[WHAT TO PRODUCE]: A faithful copy without images is required: write out all the records exactly.

[AVAILABLE DATA]:
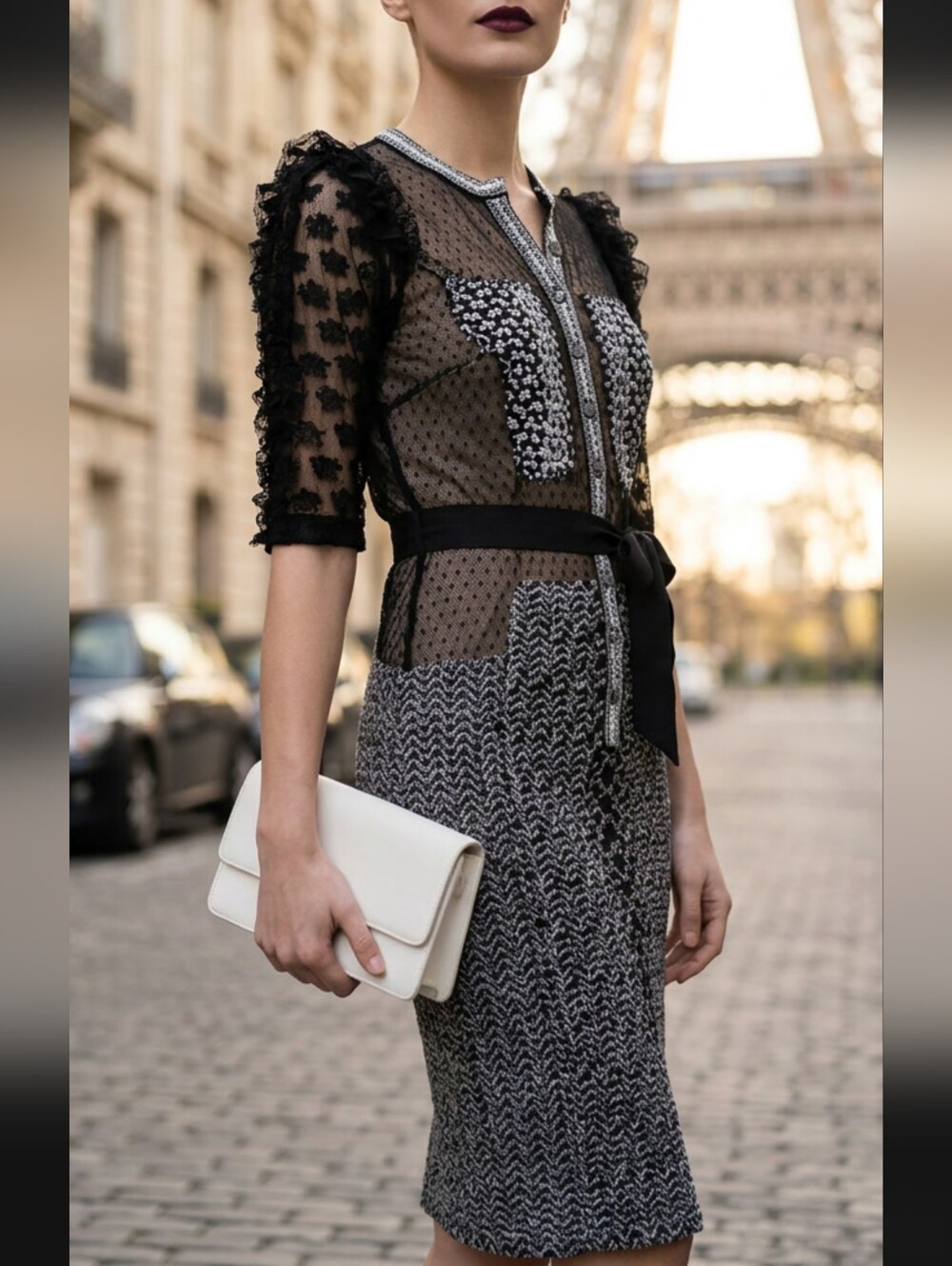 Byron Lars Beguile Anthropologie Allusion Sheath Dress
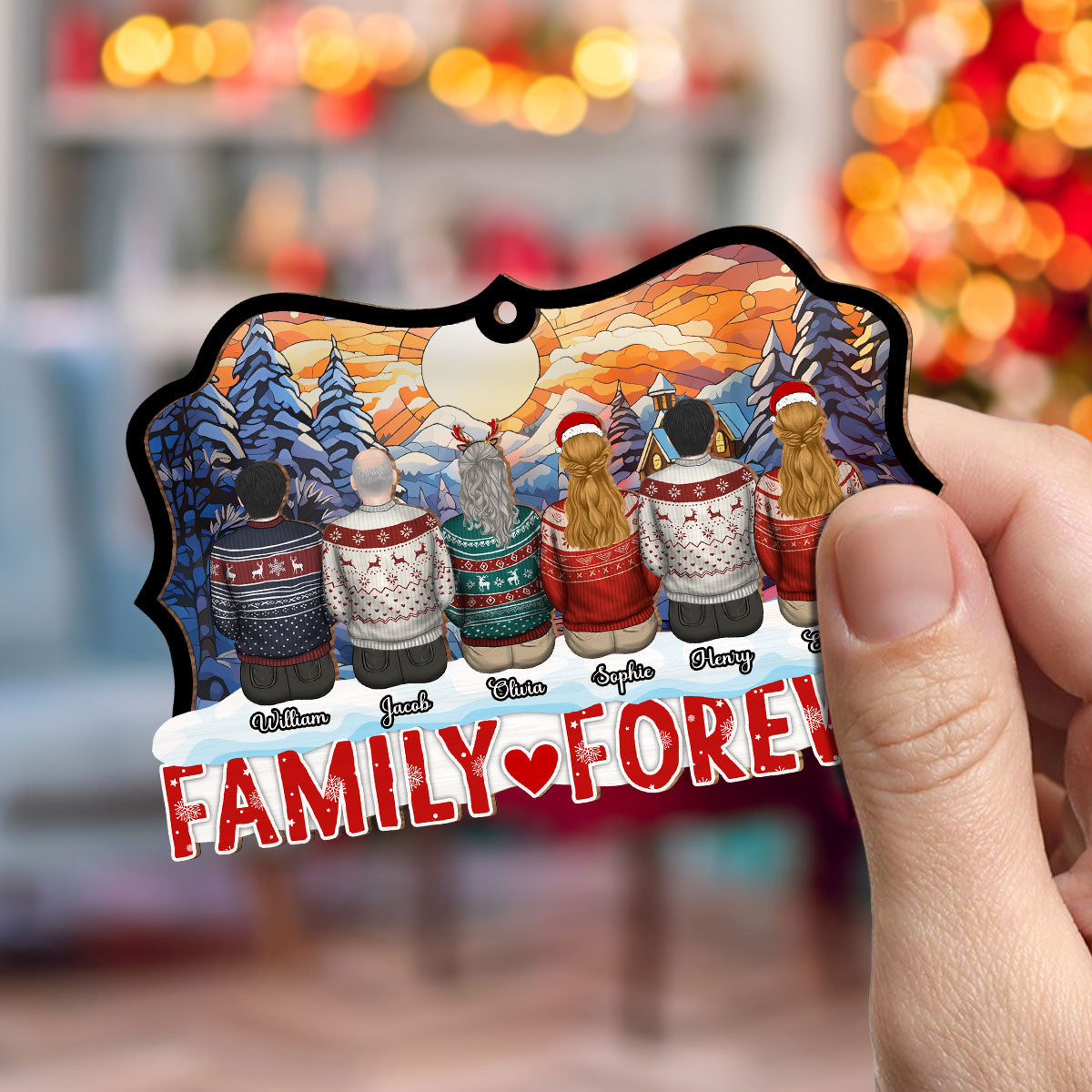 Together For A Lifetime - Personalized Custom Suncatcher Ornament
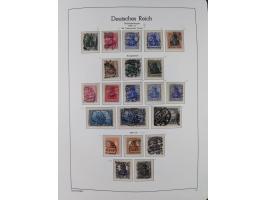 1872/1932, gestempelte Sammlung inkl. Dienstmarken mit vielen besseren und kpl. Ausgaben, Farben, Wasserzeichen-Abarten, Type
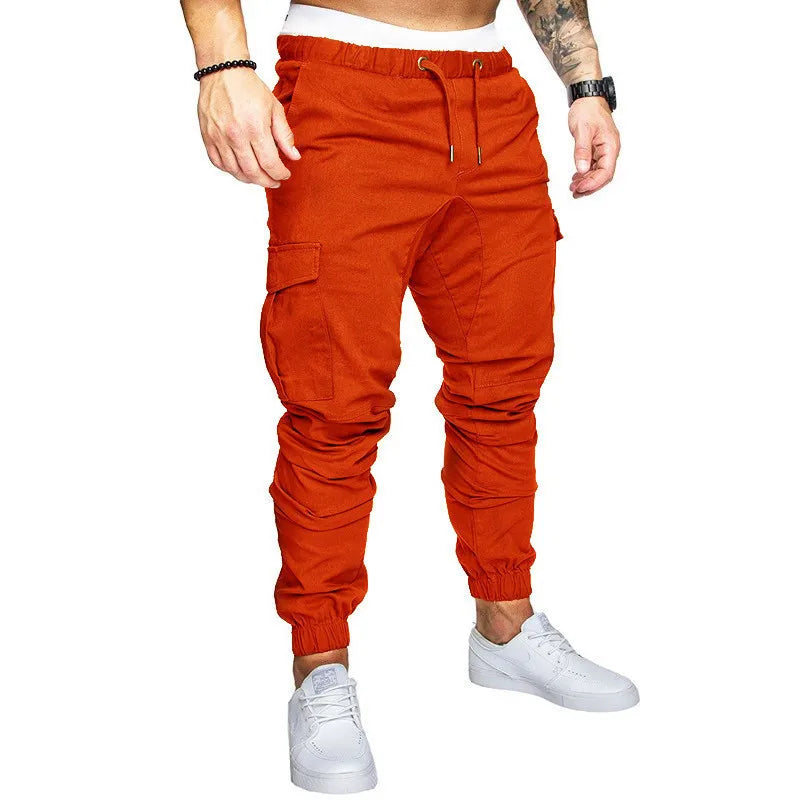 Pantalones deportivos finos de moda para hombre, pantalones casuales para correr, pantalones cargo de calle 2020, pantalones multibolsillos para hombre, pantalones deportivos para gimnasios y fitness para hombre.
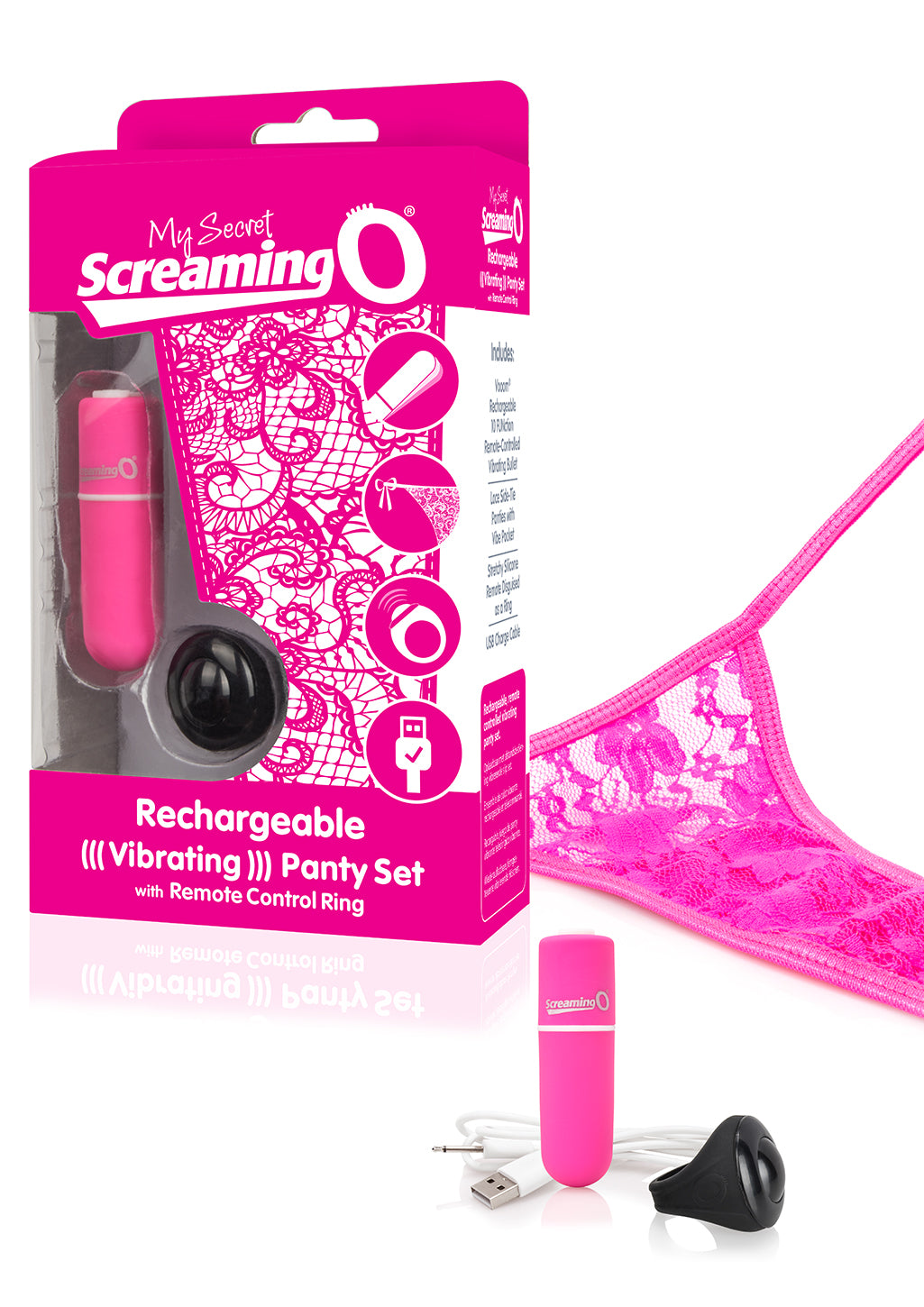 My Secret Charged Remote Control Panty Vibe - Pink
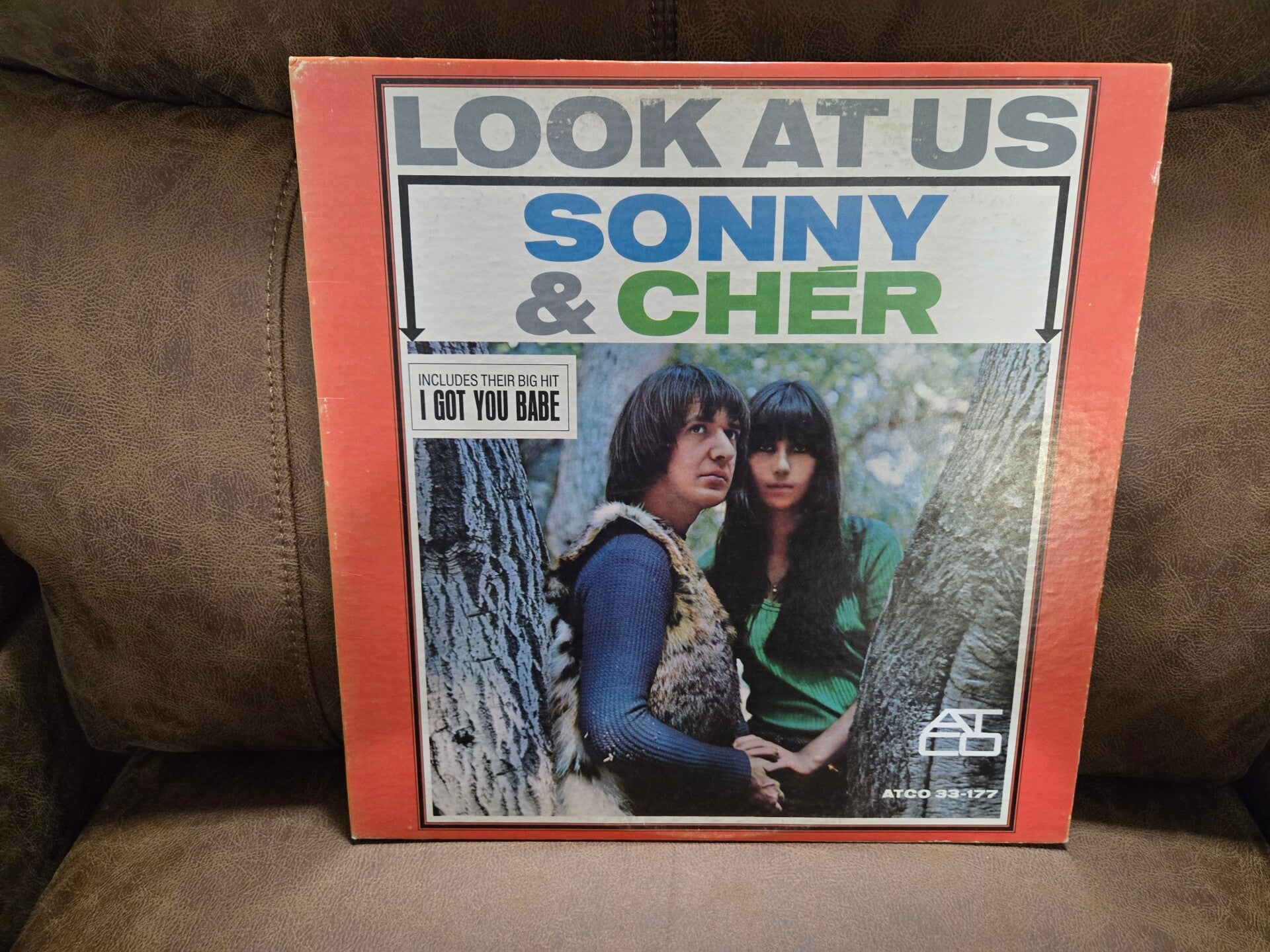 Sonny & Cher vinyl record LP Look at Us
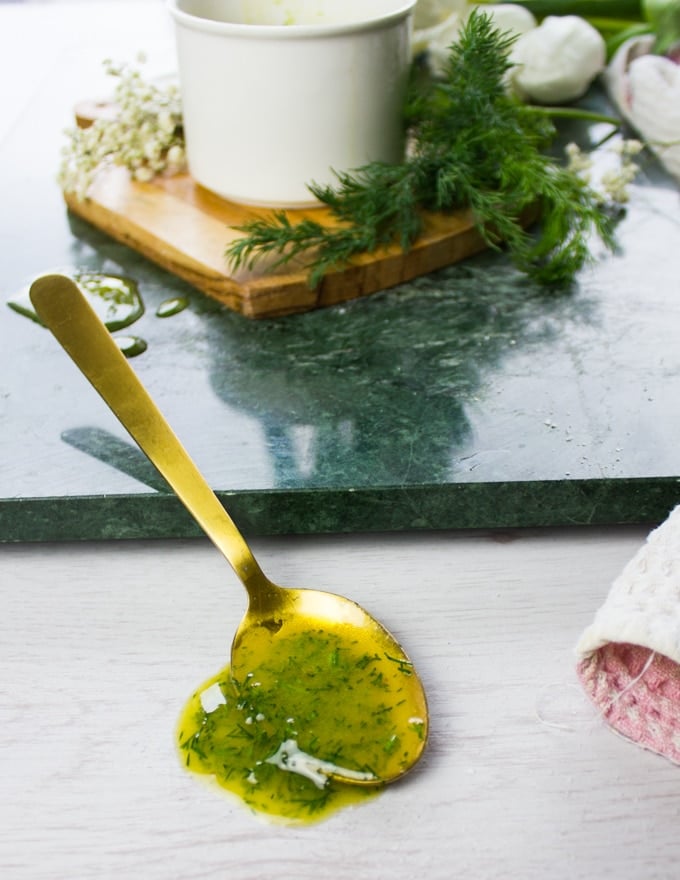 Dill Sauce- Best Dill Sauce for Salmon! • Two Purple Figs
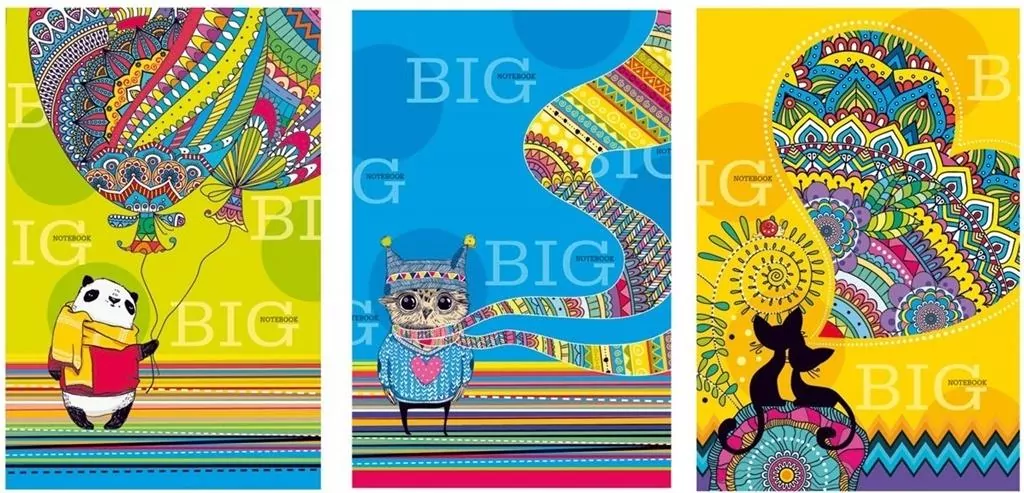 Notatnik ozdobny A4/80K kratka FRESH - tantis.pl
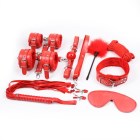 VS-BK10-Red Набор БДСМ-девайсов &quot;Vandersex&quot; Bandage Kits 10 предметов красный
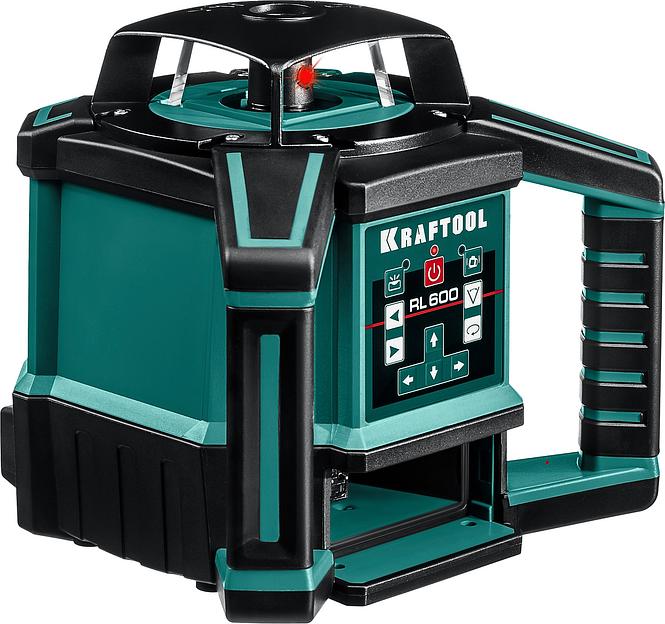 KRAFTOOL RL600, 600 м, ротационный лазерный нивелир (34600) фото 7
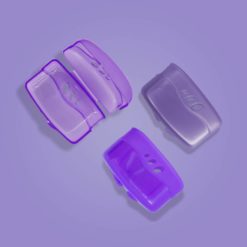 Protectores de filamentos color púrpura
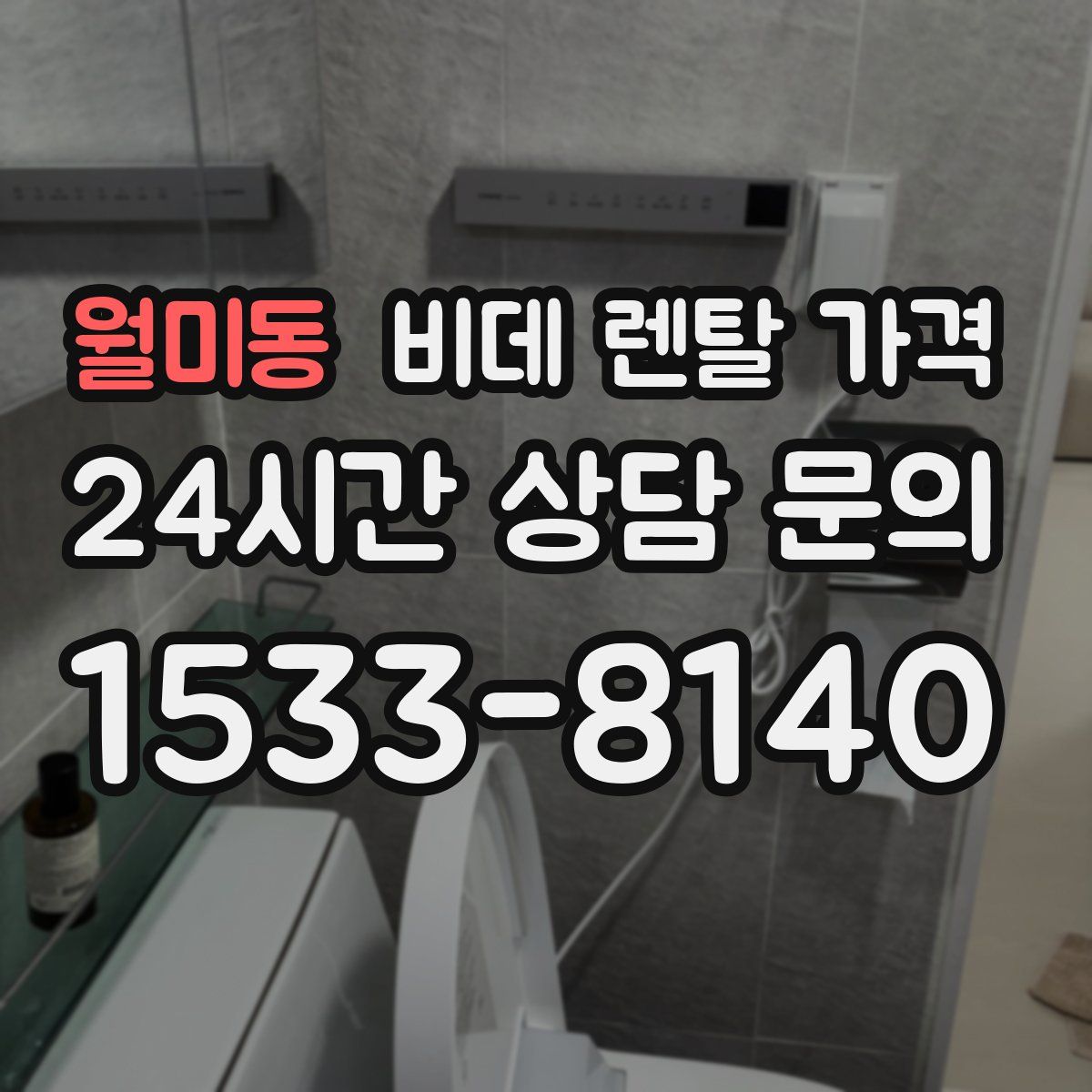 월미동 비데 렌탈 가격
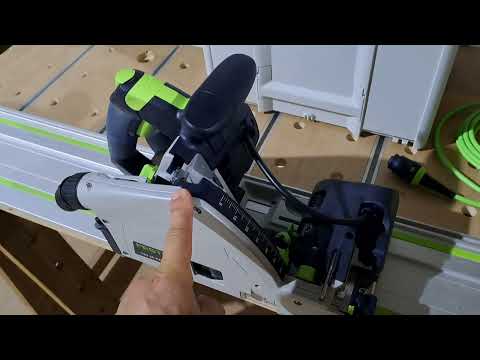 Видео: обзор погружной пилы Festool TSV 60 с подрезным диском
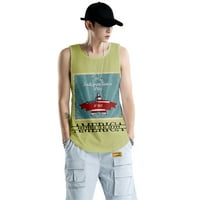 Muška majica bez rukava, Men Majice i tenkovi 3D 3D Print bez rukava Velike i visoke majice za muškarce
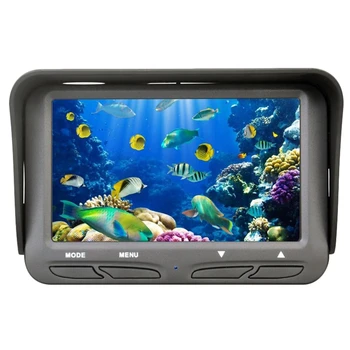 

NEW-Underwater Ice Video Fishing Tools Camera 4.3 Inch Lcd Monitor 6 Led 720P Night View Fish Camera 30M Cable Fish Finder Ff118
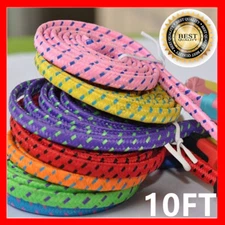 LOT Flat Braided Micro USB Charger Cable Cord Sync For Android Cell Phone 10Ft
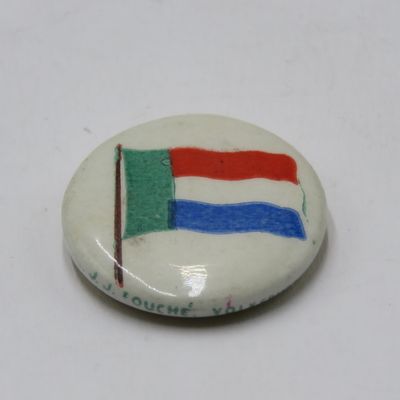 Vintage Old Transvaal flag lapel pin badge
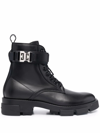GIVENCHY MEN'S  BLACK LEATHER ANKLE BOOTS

[SOLUTION]:
 Byron Lars Beguile Anthropologie Allusion Sheath Dress
 Together For A Lifetime - Personalized Custom Suncatcher Ornament
 1872/1932, gestempelte Sammlung inkl. Dienstmarken mit vielen besseren und kpl. Ausgaben, Farben, Wasserzeichen-Abarten, Type
 Pantalones deportivos finos de moda para hombre, pantalones casuales para correr, pantalones cargo de calle 2020, pantalones multibolsillos para hombre, pantalones deportivos para gimnasios y fitness para hombre.
 My Secret Charged Remote Control Panty Vibe - Pink
 Sonny & Cher vinyl record LP Look at Us
 Dill Sauce- Best Dill Sauce for Salmon! • Two Purple Figs
 Notatnik ozdobny A4/80K kratka FRESH - tantis.pl
 VS-BK10-Red Набор БДСМ-девайсов &quot;Vandersex&quot; Bandage Kits 10 предметов красный
 KRAFTOOL RL600, 600 м, ротационный лазерный нивелир (34600) фото 7
 Protectores de filamentos color púrpura
 월미동 비데 렌탈 가격
 Видео: обзор погружной пилы Festool TSV 60 с подрезным диском
 Muška majica bez rukava, Men Majice i tenkovi 3D 3D Print bez rukava Velike i visoke majice za muškarce

NEW-Underwater Ice Video Fishing Tools Camera 4.3 Inch Lcd Monitor 6 Led 720P Night View Fish Camera 30M Cable Fish Finder Ff118
 LOT Flat Braided Micro USB Charger Cable Cord Sync For Android Cell Phone 10Ft
 Vintage Old Transvaal flag lapel pin badge
GIVENCHY MEN'S  BLACK LEATHER ANKLE BOOTS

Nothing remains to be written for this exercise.